Vom "leichtfertigen Umgang mit Explosionen und Katastrophen in den letzten Jahren", sprach Wim Wenders und forderte einen "Feldzug der Zärtlichkeit". Paul Simon redete von der Notwendigkeit einer "spirituellen Wiedergeburt" der Unterhaltungsindustrie und allenthalben ist von einem "neuen Ernst" die Rede. Filme, die in ihrer Fiktion den schrecklichen Ereignissen zu nah kamen, wurden schamhaft verschoben, und eine amerikanische Radiostation erstellte eine Tabuliste für über 100 Popsongs, die entweder zu weit weg von der Realität (Safe in New York City, Obla Di, Obla Da) oder zu nah dran sind (We got to get out of this place, Another one bites the dust). Die Entstehungsgeschichte dieser Liste offenbart gleich ihre Zweideutigkeit: Per Email weitergewandert und von vielen DJs und Hörern ergänzt, kann man sich vorstellen, welchen Spaß es gemacht haben muss, an immer neue Songs zu denken, immer neue Zeilen im nun veränderten Kontext zu verstehen. Während die einen also die Assoziationsflut der Pop-lyrics eindämmen wollten und nichts als Katastrophenlyrik entdeckten, waren andere so schlau, gleich den Song zum Ereignis anzubieten und inzwischen ungeheuer erfolgreich zu vermarkten: Enyas Only time, ein Remix eines nicht mehr ganz aktuellen, leicht sphärischen Folksongs mit O-Tönen der Berichterstattung über die Anschläge, wurde zur Katastrophenhymne - den einen Anzeichen der Gewissenlosigkeit der Popkultur und den anderen Beweis für deren Empathie-Fähigkeit. Only time mag auch ein Beleg dafür sein, dass die Populärkultur keine Verteidiger braucht, weil ihre Eigendynamik jede Irritation sofort integriert. Und man muss kein Hellseher sein, um jetzt bereits zu erahnen, dass nach weiteren Schamfristen, die alle kürzer sein werden, als der öffentliche Anstand gebietet, es wieder Katastrophenfilme geben wird, sogar mit Flugzeugentführern und Wolkenkratzern, und es werden wieder Songs entstehen mit Zeilen wie It´s the end of the world as we know it. Und was immer man davon halten mag, werden diese Songs und Filme als einzelne doch kaum die Ursache für einen weiteren Krieg sein. Im Gesamtkontext der Popkultur betrachtet, wirken sie in ihrer meist ironischen Vieldeutigkeit allenfalls eher gegen den Fundamentalismus als für ihn.

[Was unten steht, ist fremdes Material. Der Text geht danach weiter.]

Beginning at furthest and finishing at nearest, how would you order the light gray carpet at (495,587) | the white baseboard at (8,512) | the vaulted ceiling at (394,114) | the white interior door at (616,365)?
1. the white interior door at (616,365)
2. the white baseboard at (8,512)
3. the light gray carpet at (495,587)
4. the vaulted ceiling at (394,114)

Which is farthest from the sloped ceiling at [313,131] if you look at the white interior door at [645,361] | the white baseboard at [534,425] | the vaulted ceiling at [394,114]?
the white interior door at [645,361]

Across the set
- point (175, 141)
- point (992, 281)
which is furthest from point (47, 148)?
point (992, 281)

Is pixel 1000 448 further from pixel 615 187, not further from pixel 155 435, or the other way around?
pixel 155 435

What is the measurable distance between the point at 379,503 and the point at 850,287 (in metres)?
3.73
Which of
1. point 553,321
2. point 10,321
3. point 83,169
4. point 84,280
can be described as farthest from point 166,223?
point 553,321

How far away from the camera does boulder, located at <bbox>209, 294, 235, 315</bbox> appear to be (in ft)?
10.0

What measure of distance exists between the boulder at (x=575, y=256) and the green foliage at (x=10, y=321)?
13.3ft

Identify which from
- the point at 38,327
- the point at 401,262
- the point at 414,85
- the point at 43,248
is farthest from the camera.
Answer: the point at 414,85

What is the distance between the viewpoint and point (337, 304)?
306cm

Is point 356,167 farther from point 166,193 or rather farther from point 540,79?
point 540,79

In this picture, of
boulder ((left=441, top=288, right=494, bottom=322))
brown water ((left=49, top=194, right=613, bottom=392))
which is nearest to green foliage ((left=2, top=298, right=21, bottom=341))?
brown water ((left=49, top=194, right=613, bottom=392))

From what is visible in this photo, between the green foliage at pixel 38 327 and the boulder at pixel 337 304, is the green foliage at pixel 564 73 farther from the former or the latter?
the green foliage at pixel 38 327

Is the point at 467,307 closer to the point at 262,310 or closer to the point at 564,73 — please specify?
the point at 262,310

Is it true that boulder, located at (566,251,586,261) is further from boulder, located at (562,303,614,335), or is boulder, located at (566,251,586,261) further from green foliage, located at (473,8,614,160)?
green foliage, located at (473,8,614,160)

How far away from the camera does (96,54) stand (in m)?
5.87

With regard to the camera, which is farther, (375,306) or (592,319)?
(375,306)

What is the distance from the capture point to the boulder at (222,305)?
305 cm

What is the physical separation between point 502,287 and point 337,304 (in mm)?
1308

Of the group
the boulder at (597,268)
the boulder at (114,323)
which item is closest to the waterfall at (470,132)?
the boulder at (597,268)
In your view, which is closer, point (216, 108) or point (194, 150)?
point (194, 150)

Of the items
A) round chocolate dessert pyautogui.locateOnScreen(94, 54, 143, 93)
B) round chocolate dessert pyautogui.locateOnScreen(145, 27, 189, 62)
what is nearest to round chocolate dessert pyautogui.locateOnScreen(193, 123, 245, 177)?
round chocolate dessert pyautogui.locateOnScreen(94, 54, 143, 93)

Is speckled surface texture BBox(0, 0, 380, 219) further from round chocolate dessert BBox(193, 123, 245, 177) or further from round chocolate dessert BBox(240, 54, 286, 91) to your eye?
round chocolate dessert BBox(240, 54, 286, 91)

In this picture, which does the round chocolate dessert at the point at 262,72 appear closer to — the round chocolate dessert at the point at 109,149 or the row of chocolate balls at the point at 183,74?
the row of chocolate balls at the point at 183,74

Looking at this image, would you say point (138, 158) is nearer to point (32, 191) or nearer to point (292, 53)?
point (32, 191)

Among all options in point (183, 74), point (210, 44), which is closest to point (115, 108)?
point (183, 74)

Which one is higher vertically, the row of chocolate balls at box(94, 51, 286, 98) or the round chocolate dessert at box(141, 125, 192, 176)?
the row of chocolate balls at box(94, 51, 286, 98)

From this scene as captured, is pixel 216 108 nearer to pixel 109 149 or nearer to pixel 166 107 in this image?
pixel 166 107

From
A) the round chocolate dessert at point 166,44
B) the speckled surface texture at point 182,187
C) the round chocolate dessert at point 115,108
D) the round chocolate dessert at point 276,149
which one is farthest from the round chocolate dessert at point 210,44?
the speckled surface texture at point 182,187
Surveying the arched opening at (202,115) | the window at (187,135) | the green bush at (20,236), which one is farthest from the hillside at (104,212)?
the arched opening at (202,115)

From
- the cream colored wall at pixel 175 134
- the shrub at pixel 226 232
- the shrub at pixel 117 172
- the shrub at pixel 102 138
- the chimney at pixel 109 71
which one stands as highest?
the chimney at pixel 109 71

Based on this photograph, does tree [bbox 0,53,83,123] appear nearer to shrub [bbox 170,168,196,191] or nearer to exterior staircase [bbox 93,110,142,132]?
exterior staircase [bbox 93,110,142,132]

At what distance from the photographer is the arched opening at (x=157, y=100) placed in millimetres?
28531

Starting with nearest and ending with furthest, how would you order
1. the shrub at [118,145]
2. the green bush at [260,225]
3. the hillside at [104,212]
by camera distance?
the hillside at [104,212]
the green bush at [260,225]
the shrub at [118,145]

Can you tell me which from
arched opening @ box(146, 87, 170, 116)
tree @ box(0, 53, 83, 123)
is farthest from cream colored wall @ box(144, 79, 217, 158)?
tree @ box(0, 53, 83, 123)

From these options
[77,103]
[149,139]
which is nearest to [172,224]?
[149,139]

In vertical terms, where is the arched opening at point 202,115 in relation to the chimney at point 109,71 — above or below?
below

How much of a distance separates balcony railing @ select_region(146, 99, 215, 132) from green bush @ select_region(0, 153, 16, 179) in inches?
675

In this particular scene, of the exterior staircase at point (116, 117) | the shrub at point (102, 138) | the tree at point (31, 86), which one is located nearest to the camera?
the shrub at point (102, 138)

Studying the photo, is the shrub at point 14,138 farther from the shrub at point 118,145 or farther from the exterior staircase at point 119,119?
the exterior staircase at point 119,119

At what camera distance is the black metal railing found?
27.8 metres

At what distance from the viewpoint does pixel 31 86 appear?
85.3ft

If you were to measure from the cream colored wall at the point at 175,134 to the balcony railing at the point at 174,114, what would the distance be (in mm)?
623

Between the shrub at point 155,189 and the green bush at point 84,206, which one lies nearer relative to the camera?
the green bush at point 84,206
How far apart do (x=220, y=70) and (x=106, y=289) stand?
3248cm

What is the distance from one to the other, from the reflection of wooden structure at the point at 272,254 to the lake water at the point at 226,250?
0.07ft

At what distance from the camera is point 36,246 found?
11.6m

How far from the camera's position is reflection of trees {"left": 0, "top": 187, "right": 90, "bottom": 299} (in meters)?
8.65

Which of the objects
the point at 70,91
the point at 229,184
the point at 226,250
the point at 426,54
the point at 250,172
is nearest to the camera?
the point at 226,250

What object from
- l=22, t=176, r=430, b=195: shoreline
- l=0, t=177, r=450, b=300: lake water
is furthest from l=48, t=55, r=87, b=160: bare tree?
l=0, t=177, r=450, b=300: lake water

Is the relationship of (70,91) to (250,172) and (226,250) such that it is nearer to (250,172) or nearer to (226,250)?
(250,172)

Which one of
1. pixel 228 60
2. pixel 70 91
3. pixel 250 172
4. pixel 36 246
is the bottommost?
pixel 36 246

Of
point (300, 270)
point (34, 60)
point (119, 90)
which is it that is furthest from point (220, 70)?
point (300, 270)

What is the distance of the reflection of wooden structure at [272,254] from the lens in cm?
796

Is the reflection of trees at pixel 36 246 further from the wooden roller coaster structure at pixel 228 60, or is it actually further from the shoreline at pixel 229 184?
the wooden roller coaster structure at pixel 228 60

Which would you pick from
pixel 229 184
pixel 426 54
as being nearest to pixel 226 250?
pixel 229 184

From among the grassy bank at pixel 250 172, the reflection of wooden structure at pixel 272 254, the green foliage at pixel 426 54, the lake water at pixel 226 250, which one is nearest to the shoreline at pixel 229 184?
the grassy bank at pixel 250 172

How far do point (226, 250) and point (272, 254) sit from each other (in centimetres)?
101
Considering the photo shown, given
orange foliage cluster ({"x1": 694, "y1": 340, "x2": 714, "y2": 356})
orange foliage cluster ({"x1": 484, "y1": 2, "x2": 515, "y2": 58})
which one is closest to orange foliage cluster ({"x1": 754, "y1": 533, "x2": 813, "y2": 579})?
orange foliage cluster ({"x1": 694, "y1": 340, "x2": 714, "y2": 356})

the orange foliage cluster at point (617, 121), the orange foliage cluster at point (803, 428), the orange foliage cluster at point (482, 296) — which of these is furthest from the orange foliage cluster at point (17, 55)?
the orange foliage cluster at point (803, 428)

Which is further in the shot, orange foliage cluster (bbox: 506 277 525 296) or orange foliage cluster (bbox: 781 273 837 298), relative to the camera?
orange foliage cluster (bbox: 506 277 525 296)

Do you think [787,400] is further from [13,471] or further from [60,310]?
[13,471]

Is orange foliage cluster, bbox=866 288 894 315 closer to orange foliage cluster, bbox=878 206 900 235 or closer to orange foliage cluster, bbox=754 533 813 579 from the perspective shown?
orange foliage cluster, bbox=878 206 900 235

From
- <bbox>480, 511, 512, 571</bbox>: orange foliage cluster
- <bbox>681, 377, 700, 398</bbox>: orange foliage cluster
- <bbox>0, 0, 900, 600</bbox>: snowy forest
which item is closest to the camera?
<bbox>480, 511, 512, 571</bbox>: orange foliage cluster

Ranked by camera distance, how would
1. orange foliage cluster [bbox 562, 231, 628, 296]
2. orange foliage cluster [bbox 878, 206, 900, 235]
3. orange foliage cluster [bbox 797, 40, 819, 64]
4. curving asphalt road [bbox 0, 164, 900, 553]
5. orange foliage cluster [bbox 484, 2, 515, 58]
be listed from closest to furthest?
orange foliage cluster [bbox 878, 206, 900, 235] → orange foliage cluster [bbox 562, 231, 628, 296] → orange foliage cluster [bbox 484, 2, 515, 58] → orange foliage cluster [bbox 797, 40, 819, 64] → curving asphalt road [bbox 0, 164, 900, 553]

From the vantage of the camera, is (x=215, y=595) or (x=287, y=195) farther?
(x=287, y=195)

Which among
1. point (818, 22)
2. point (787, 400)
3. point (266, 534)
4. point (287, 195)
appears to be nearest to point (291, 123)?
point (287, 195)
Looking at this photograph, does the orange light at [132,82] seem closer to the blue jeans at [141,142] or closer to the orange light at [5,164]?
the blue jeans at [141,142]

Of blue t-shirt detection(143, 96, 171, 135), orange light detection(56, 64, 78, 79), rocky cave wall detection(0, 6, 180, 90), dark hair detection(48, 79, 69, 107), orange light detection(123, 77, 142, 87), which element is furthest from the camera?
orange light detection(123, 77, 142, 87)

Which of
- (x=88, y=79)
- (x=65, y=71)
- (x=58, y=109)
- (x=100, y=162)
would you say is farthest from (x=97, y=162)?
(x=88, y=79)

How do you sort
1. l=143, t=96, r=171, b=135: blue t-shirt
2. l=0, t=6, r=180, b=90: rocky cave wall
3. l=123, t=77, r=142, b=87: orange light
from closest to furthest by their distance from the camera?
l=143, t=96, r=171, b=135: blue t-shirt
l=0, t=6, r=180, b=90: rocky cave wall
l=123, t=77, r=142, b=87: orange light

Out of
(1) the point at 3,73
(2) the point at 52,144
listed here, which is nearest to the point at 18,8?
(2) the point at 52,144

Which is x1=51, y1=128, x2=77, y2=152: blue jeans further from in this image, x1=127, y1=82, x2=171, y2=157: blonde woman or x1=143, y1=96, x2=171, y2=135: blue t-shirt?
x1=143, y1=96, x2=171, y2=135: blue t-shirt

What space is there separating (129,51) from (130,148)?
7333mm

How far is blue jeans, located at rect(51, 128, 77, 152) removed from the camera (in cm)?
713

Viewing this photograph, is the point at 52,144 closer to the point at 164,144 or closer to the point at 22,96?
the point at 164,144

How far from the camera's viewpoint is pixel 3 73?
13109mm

So wirkungslos die Ankündigung des Endes der Spaßgesellschaft also verpuffen wird, so interessant ist die Frage, was hier eigentlich verabschiedet werden soll. Das Zeitalter der Postmoderne sei vorbei, war auch zu hören, vorbei der damit verbundene Werterelativismus und die Haltung des Nichts-mehr-ernst-nehmens. Es ist nicht schwer, herauszuhören, wogegen das gerichtet ist: gegen die Dekonstruktion, die selbst den Humanismus als ideologisches Konstrukt entlarvt und gegen die Kritiker von Ethnozentrismus und jenes dichotomischen Denkens, das sich gerade lauffeuerartig wieder auszubreiten scheint, weil es die Welt so einfach in Gut und Böse teilt.

Wie die Scham über die fiktiven Katastrophenbilder an das Bilderverbot der Islamisten denken lässt, so weist auch das Gerede vom neuen Zeitalter auf eine Heilserwartung durch Säuberungsaktionen hin, die die Fundamentalisten teilen könnten. Diese Phantasie findet sich allerdings schon im Herzstück der Populärkultur aller monotheistischen Religionen: in der Bibel. Auch beim Vergleich der selbstpostulierten "tollsten Stadt der Welt" New York mit dem sinnbildlichen urbanen Sündenpfuhl Babylon fühlt man sich nun ertappt bei einer Phantasie, die den Terroristen ebenfalls nicht fremd gewesen sein dürfte. Aber wer würde sich etwas davon versprechen, nun die Bibel aus dem Verkehr zu ziehen.